- Battle of Prostken: Part of the Deluge (Second Northern War)
| Date | October 8, 1656 |
| Location | Prostken, Duchy of Prussia (present-day Prostki, Ełk County, Poland) |
| Result | Polish–Lithuanian–Tatar victory |

Belligerents
- Brandenburg-Prussia Swedish Empire Swedish Lithuania: Polish–Lithuanian Commonwealth Crimean Khanate

Commanders and leaders
- Georg von Waldeck Bogusław Radziwiłł (POW): Wincenty Gosiewski Subhan Ghazi Agha

Strength
- 4,000 9 artillery pieces: 8,000

Casualties and losses
- 1,500 Swedes killed and captured Brandenburgers losses are unknown 9 artillery pieces: 200–250 killed and wounded^{[citation needed]}

= Battle of Prostki =

Battle in the Second Northern War

The Battle of Prostki was fought near Prostki (German: Prostken), Duchy of Prussia (today in Ełk County, Poland) on October 8, 1656, between forces of the Polish–Lithuanian Commonwealth and allied Crimean Tatars commanded by hetman Wincenty Gosiewski on one side, and on the other allied Swedish and Brandenburg forces commanded by Prince Georg Friedrich of Waldeck, reinforced by the cavalry of Prince Bogusław Radziwiłł. The Commonwealth forces won the battle, annihilating enemy forces and taking Radziwiłł captive.

== Background ==
In the late summer of 1656 Swedish and Brandenburgian armies left Warsaw, retreating towards the northwest. Polish-Lithuanian commanders then decided to invade the Duchy of Prussia, which had been a vassal state to the Kingdom of Poland and which, as Brandenburg-Prussia, had been an ally of the Swedish Empire (see Treaty of Königsberg (1656). The objective of the invasion was to make “The Great Elector”, Frederick Wilhelm, end the alliance with Sweden.

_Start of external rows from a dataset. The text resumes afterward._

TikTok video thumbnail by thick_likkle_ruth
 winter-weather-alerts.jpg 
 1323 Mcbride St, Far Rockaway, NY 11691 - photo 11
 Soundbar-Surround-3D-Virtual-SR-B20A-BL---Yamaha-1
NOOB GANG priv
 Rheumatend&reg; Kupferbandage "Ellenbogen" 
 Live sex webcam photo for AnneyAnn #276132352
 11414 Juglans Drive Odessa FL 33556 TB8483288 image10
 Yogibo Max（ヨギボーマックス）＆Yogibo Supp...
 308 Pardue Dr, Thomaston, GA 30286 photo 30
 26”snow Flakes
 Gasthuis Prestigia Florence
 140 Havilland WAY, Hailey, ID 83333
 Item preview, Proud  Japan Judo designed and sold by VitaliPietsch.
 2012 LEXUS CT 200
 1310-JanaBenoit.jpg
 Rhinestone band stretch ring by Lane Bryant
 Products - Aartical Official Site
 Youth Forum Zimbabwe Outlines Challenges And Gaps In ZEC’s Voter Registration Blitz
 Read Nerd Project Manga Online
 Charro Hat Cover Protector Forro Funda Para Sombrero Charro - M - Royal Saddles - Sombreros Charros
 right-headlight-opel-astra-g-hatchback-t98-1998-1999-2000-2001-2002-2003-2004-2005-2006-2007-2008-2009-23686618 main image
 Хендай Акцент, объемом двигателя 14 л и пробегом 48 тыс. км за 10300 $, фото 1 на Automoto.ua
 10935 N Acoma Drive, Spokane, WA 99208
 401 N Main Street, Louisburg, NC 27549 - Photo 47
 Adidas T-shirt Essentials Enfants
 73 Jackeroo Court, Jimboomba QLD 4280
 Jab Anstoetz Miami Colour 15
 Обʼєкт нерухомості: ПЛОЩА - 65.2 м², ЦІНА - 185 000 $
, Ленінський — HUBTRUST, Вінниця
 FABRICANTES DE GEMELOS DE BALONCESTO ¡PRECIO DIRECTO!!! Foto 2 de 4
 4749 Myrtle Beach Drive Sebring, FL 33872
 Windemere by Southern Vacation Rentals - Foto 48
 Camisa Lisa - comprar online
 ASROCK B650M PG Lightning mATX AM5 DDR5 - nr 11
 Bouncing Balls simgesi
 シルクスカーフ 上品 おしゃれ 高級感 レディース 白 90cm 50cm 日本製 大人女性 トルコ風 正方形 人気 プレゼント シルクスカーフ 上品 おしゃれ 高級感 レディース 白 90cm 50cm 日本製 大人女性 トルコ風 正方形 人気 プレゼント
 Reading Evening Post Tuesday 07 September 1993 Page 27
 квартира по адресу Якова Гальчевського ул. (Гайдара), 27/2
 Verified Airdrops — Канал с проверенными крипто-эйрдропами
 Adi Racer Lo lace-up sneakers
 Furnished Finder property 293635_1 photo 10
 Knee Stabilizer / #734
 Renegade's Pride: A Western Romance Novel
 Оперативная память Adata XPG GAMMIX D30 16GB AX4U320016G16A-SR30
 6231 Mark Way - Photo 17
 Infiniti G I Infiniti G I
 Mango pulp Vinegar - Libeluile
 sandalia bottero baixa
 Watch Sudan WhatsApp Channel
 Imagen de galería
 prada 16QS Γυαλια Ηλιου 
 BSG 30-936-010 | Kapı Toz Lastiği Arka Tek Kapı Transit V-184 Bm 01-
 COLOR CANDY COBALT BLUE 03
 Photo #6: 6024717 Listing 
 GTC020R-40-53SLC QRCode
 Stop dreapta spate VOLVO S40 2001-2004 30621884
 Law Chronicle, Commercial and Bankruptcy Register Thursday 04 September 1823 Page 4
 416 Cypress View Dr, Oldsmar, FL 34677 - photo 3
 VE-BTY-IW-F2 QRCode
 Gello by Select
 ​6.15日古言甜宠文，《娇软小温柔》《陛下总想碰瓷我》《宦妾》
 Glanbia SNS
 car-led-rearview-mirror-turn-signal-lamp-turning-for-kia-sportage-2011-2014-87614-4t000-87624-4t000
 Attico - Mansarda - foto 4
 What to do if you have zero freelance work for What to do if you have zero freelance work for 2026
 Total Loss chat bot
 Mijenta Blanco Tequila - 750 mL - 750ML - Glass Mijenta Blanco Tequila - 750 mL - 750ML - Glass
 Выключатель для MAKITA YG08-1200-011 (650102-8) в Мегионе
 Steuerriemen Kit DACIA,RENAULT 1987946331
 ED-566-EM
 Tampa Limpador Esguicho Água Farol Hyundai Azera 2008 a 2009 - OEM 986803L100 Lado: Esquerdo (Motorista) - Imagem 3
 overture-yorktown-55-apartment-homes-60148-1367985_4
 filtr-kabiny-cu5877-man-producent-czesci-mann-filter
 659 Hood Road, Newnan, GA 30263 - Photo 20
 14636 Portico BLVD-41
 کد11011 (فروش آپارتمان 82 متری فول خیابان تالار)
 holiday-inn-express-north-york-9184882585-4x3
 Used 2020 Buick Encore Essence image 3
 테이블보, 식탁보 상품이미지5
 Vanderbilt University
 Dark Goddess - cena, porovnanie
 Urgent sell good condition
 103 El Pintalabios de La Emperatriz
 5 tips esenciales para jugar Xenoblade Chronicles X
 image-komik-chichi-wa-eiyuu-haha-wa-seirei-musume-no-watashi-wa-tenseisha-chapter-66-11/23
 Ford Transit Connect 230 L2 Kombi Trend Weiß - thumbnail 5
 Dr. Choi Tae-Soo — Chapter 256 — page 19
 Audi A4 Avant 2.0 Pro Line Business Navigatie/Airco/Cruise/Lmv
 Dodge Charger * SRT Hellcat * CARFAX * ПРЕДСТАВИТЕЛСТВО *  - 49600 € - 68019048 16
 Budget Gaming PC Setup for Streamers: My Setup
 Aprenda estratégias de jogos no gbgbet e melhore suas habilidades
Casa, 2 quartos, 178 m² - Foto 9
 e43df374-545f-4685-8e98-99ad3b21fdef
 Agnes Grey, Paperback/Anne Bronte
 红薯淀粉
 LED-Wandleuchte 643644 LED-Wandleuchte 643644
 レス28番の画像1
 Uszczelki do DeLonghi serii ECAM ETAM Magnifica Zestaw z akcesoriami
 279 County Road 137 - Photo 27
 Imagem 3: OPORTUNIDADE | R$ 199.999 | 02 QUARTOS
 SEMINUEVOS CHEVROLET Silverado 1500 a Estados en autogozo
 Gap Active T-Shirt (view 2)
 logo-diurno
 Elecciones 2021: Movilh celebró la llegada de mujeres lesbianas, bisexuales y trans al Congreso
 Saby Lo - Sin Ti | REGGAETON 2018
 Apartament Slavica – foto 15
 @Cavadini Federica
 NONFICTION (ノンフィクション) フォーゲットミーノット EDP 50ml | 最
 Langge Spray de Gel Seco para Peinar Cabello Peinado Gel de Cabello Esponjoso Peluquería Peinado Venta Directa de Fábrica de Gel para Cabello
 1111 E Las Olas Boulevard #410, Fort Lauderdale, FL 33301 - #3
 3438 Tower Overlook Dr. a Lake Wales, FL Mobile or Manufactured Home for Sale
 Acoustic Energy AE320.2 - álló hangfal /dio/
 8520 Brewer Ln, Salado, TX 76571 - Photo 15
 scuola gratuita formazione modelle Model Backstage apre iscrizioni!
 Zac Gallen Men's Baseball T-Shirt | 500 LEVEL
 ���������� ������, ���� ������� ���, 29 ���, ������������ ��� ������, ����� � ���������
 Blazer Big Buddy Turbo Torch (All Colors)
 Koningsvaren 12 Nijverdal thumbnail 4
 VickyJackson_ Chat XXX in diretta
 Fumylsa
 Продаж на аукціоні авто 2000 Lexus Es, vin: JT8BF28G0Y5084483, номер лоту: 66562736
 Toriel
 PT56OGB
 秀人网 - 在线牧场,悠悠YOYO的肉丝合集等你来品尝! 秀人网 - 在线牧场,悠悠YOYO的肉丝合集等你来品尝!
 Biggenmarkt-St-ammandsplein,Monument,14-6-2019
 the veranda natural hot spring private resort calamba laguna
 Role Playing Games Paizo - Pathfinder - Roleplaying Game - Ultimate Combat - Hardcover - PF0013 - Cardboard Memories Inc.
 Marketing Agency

Polish-Lithuanian forces were commanded by Lithuanian Field Hetman Wincenty Korwin Gosiewski. They were supported by a unit of Crimean Tatars, under Subchan Ghazi Aga. All together Gosiewski’s army had some 8,000-10,000 men (including 2,000 Tatars). In early October 1656 it crossed the Narew River, either near Łomża or Wizna, and headed northwards to Lyck (Ełk).

Prussian commandant Prince Georg Friedrich of Waldeck concentrated his forces near Wąsosz. His army had probably 3,500 men, mostly reiters and dragoons. Waldeck reached Prostken (Prostki) on October 6 and camped on the eastern bank of the Ełk River, near a bridge that he planned to defend. He also got in touch with Bogusław Radziwilł, whose cavalry unit of 800 was stationed in Rajgród. Furthermore, additional Prussian units were stationed at some distance from Lyck. Upon hearing of the invasion, they set off to help Waldeck, but only some 1,000 men reached Prostken before the battle. A unit of 2,000 men and 12 cannons left Lyck on October 8, which was too late.

== Battle ==
On the morning of October 8 first Tatar and then Polish-Lithuanian units reached the village, while main forces were some two hours behind them. Gosiewski, who enjoyed numerical superiority over the enemy, decided to make the Prussians abandon their positions behind the river and destroy them in an open field. At the same time, he sent Tatars towards Lyck to face the Prussian reinforcements.

In the first stage of the battle Polish-Lithuanian pretended to retreat after an initial clash. This worked, as the Prussians crossed the river, while Waldeck, upon receiving news of Tatars, sent a cavalry unit of 500 towards Lyck. This unit was reinforced by the cavalry of Bogusław Radziwiłł, which soon afterwards clashed with the Tatars.

When the main Polish-Lithuanian force attacked the Prussians, Waldeck ordered his troops to return behind the river. Gosiewski attacked the Prussians, forcing them to retreat. Meanwhile, the Tatars crossed the Elk and attacked the camp. Soon afterwards they were joined by the Commonwealth forces. The unit of Bogusław Radziwiłł was completely destroyed, while Radziwiłł himself was captured. Prince Waldeck, with 500 soldiers, managed to escape, as the Tatars, Poles and Lithuanians were too busy looting the Prussian camp. Altogether, the battle lasted approximately five hours.

== Aftermath ==
After the victory Gosiewski sent a letter to Frederick Wilhelm, urging him to abandon the Swedes. The Great Elector rejected this, which resulted in widespread looting and destruction of the southeastern corner of the Duchy of Prussia, together with the neighboring Polish counties of Wizna and Rajgród. Gosiewski then marched with his army to Lithuania, while the Tatars returned to Crimea.